Jedna religia, trzy wyznania. Co łączy, a co dzieli chrześcijan?

Czytaj dalej
Fot. Andrzej Banas / Polska Press
Julia Kalęba

Jedna religia, trzy wyznania. Co łączy, a co dzieli chrześcijan?

Julia Kalęba

18 stycznia rozpoczął się Tydzień Modlitw o Jedność Chrześcijan. Rozmawiamy z ks. prof. Łukaszem Kamykowskim, teologiem, kierownikiem Katedry Chrystologii Uniwersytetu Papieskiego w Krakowie, dyrektorem Międzywydziałowego Instytutu Ekumenii i Dialogu.

Papież mówi o jedności, która nie jest jednolitością. Ksiądz wierzy w powrót do jednego chrześcijaństwa?

Taka jedność byłaby możliwa, ale przy zachowaniu różnorodności naszych religii i kultur. Papież podkreśla, że dążenie do integracji nie może się opierać na zawłaszczaniu ani ujednolicaniu. To, czego nie musimy robić oddzielnie, moglibyśmy zrobić wspólnie.

Bo całość jest ważniejsza niż część?

Owszem, ale i z tego powodu, że nikt z nas nie ma sam tego, co mamy razem. Zwróćmy uwagę, że o takim szanującym inność przywróceniu pełnej jedności papież Franciszek mówił w kontekście prawosławia. Rzeczywiście wydaje się, że teologicznie to by było najłatwiejsze. Różnice w rozumieniu Kościoła, sakramentów nie są wielkie. Przez pierwsze tysiąc lat jednak się akceptowaliśmy. Nawet w jakiejś mierze Kościół prawosławny uznaje prymat biskupa Rzymu (jeśli nie byłby heretykiem). W każdym razie - zdaje sobie sprawę, że Piotr był pierwszym spośród Apostołów. Wierzę, że gdyby wrócić do tego, jak Kościół rozumiał siebie w pierwszych wiekach, moglibyśmy próbować odbudować tę jedność na wspólnym fundamencie.

Jak to się stało, że wychodząc od jednej Biblii, powstały odmienne idee, spory i wojny, wreszcie - trzy osobne wyznania?

Ludzie są różni. To prosta, ale podstawowa rzecz. Z jednej strony tęsknią do jedności, wzajemnego zrozumienia, do wspólnego myślenia. Z drugiej strony jest tendencja polegająca na założeniu: jeżeli ktoś myśli inaczej niż ja, to ja mu się muszę przeciwstawić. Na to nakłada się różnica w interpretacji. Proszę zobaczyć, że Biblia w grece ma liczbę mnogą, czyli Pisma. I to faktycznie jest biblioteczka bardzo różnych kawałków, które nie tworzą jednolitej całości. Biblia to nie jest spójny podręcznik do matematyki. Ewangelie powstały jako zapis wydarzeń naocznych świadków Chrystusa i są świadectwem pamięci spisanym po męczeństwie Piotra i Pawła w Rzymie.

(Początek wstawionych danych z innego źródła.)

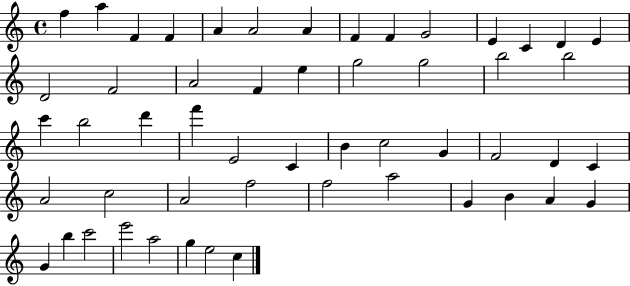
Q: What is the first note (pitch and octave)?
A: F5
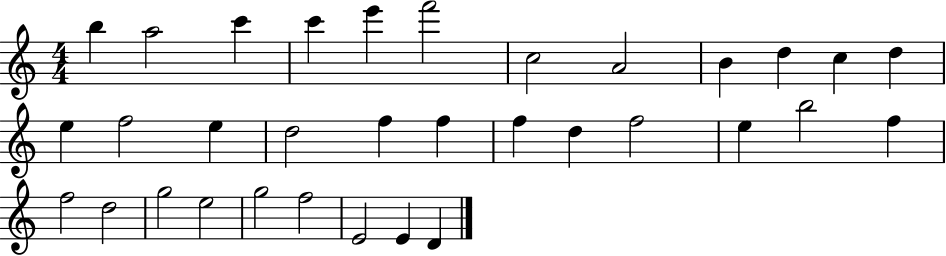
{
  \clef treble
  \numericTimeSignature
  \time 4/4
  \key c \major
  b''4 a''2 c'''4 | c'''4 e'''4 f'''2 | c''2 a'2 | b'4 d''4 c''4 d''4 | \break e''4 f''2 e''4 | d''2 f''4 f''4 | f''4 d''4 f''2 | e''4 b''2 f''4 | \break f''2 d''2 | g''2 e''2 | g''2 f''2 | e'2 e'4 d'4 | \break \bar "|."
}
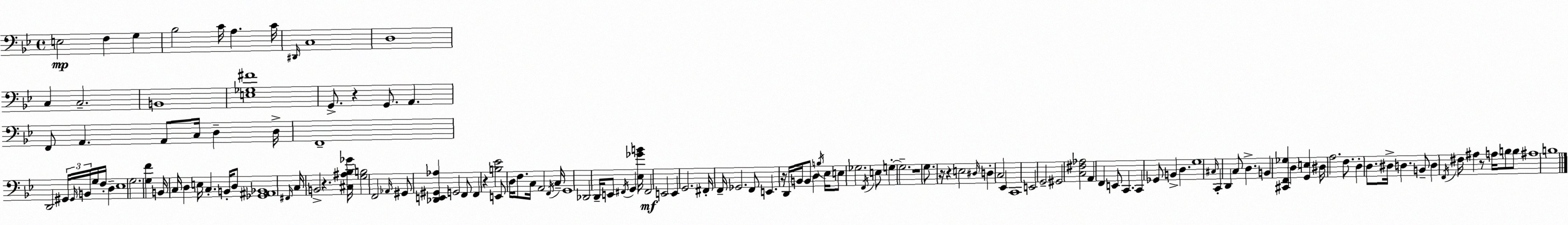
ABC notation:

X:1
T:Untitled
M:4/4
L:1/4
K:Gm
E,2 F, G, _B,2 C/4 A, C/4 ^D,,/4 C,4 D,4 C, C,2 B,,4 [E,_G,^F]4 G,,/2 z G,,/2 A,, F,,/2 A,, A,,/2 C,/4 D, D,/4 F,,4 D,,2 ^G,,/4 ^G,,/4 B,,/4 G,/4 F,/4 D, _E,4 G,2 [G,F] B,,/4 C,/4 D, E,/4 C, B,,/4 D,/2 [_G,,^A,,_B,,]4 ^F,,/4 C,/4 B,,2 z [^C,^A,_B,_G]/4 [G,B,]2 F,,2 _A,,/4 ^G,,/2 [_D,,E,,^G,,_A,] G,,2 F,,/2 F,, z [B,_E]2 E,,/2 D,/4 F,/2 C,/4 A,,2 F,,/4 C,/4 G,,4 _D,,2 D,,/4 E,,/2 ^F,,/4 G,, [_E,_GB]/4 ^F,,2 E,,2 E,, G,,2 ^F,,/4 F,,/4 _G,,2 F,,/2 E,, z/4 D,,/4 B,,/4 B,,/2 D, B,/4 _E,/4 E,/2 _G,2 F,,/4 E,/2 G, G,2 z4 G,/2 z/4 z E,2 ^D,/4 D, C,2 _E,, C,,4 E,,2 G,,2 ^G,,2 [C,^F,_A,]2 A,, F,, E,,/2 C,, C,, _G,,/2 B,, D, G,4 ^C,/4 C,, D,, C,/2 D, B,, [^C,,F,,_G,] D, [G,,E,] ^D,/4 A,2 F,/2 D, D,/2 ^D,/4 D, B,,/2 D, F,,/4 ^F,/4 ^A, z/2 A,/4 B,/2 B,/2 ^A,4 B,4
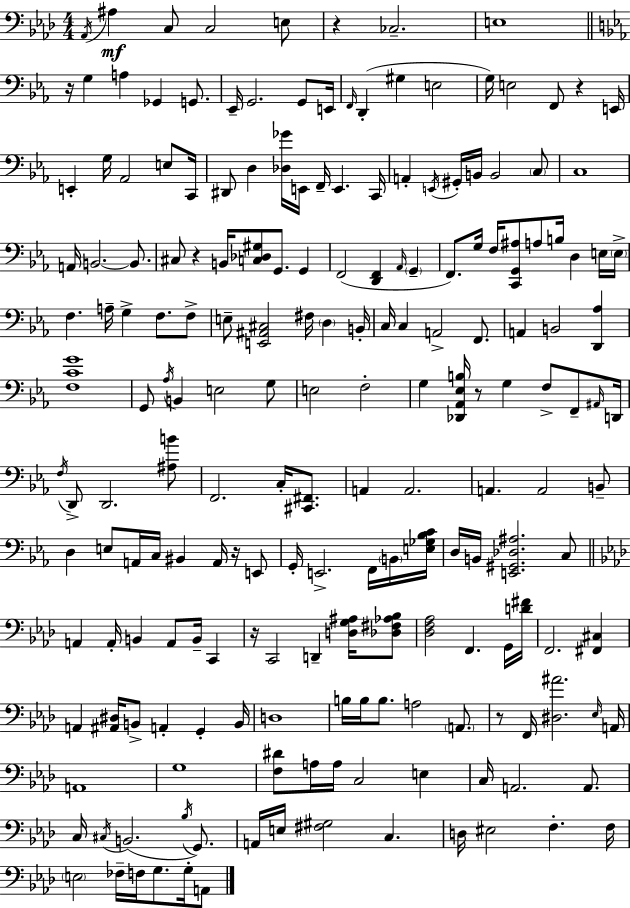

„Jedno jest Ciało i jeden Duch, bo też zostaliście wezwani do jednej nadziei” - pisał św. Paweł do Efezjan. To wezwanie do wszystkich chrześcijan.

I na początku uczniowie żyli razem. Wszystko mieli wspólne, chcieli się dzielić z tymi, którzy mieli mniej. I dlatego widziano w tym główną przyczynę rozwoju Kościoła jako wspólnoty wiary. Faktu, że Pan przymnażał im nowych wierzących. Ludzi spoza wspólnoty zdumiewało: jak oni się miłują, jeden za drugiego jest gotów oddać życie.

Wezwanie okazało się niemożliwe do spełnienia?

Widzimy, jakie to było od początku trudne. W tym samym czasie dało się zauważyć też pierwsze podziały. Jeden mówił, że został ochrzczony przez Apollosa, drugi, że przez Kefasa, trzeci się chwalił, że przez Pawła. Jedni uważali się za lepszych od drugich. To takie ludzkie. Trudność w rodzącym się Kościele polegała też na tym, że Jezus i pierwsi Apostołowie byli Żydami. Mieli za sobą dziedzictwo Starego Testamentu i świadomość, że Bóg opiekuje się nimi w sposób szczególny. Było w tym też wrażenie obcości w świecie grecko-rzymskim, który z ich punktu widzenia był bezbożny.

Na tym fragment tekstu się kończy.